Although down slightly in April, single family housing remains
at a high level, with contracting during the first four months
of 2003 up 2 percent over the same period a year ago. Low
mortgage rates continue to support the demand for single family
homes - the 30-year fixed mortgage rate averaged 5.8 percent
in April, and subsequently fell to 5.3 percent during May.

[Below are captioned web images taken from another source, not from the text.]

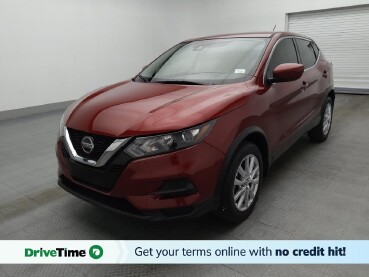 2021 Nissan Rogue Sport in Pensacola, FL 32505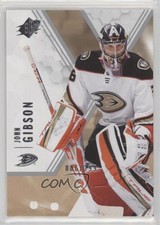 2021-22 SPx 86/299 John Gibson #36 0px1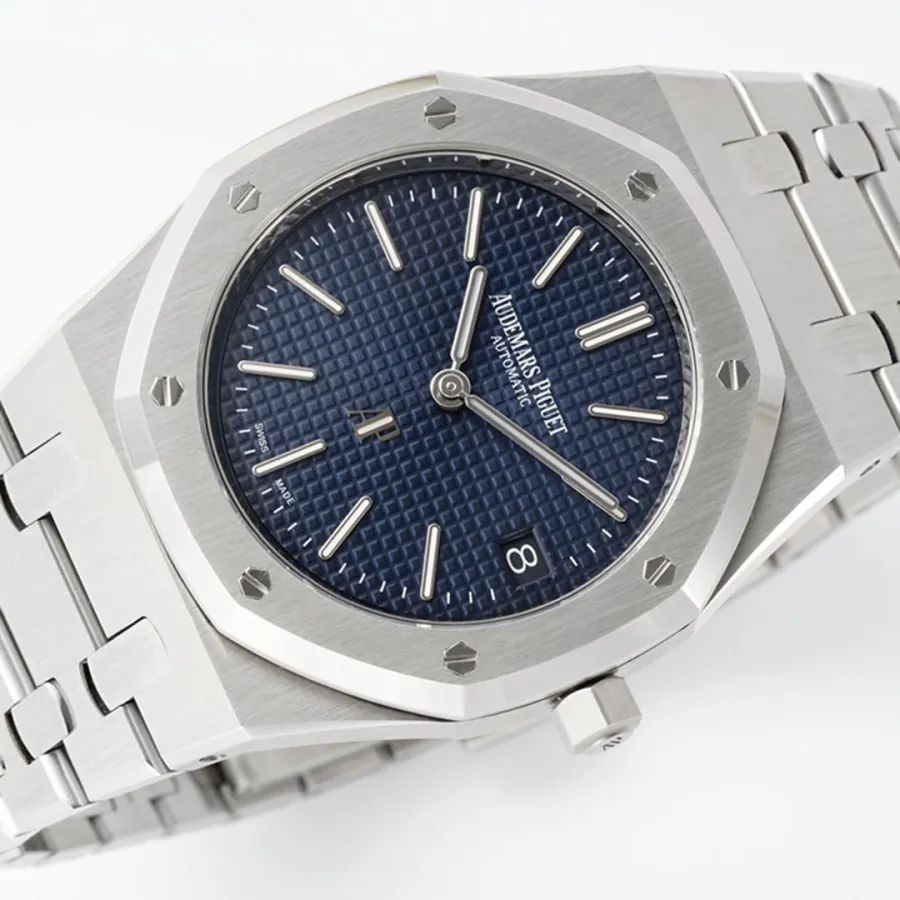 AUDEMARS PIGUET-ROYAL OAK-16202ST.OO.1240ST.01-39MM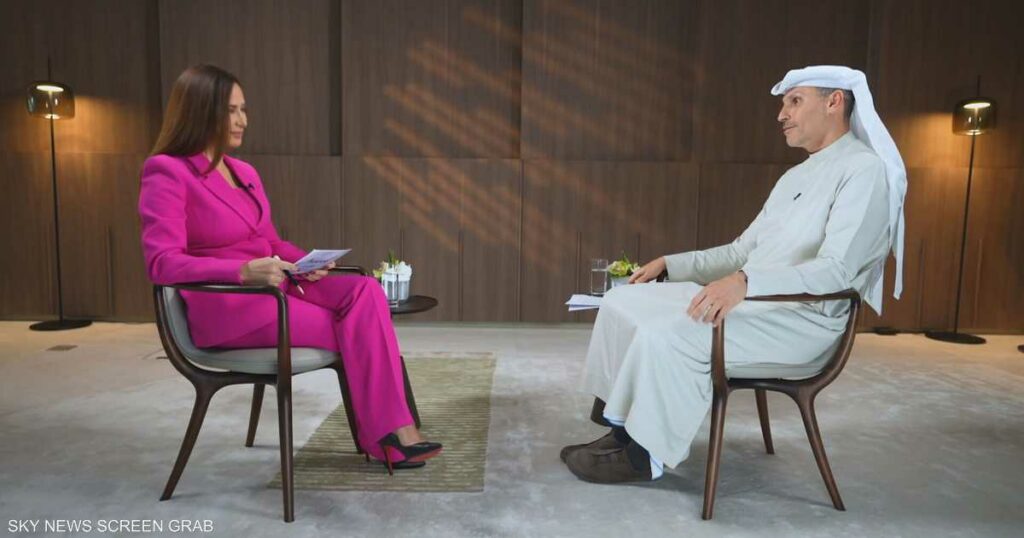 المبارك: 2024 كان عاما مميز لشركة مبادلة للاستثمار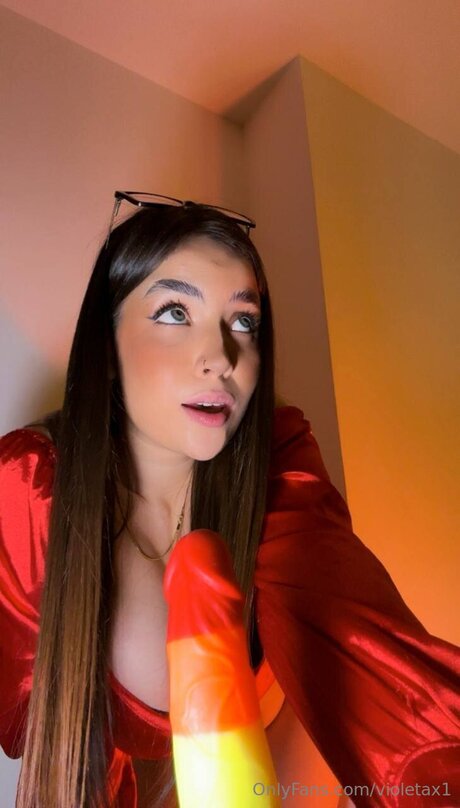 Violetax1 pornstar adult picture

Over the past couple of years, multifamily housing has been
basically stable, but higher rental vacancy rates are generating
some concern about the near term prospects for apartment construction.
By geography, residential building in April showed this pattern
- the Midwest, unchanged; the South Central, down 2 percent;
the South Atlantic, down 3 percent; the Northeast, down 5
percent; and the West, down 5 percent.
Nonbuilding construction in April retreated 3 percent to
$83.3 billion. The public works categories registered mostly
declines - water supply systems, down 5 percent; river/harbor
development, down 9 percent; highways, down 16 percent; and
sewers, down 19 percent. Bridge construction, up 26 percent,
ran counter to the broader April weakening, helped by the
start of a $139 million project in Maryland, an $89 million
project in New York, and a $55 million project in Kentucky.
Murray noted, "Public works advanced 5 percent in 2002,
but the tighter fiscal environment, especially for state governments,
is beginning to dampen the volume of construction for this
sector during 2003." Electric utility construction in
April surged 42 percent, in a departure from its more general
downward trend, reflecting the start of a $438 million power
plant in Alabama.
During the first four months of 2003, total construction
on an unadjusted basis was down 5 percent from a year ago.
Residential building advanced 5 percent, but nonresidential
building was down 11 percent and nonbuilding construction
was down 21 percent. On a regional basis, total construction
during the January-April period of 2003 showed this performance
compared to 2002 - the West, up 9 percent; the South Central,
up 2 percent; the South Atlantic, down 5 percent; the Midwest,
down 11 percent; and the Northeast, down 28 percent.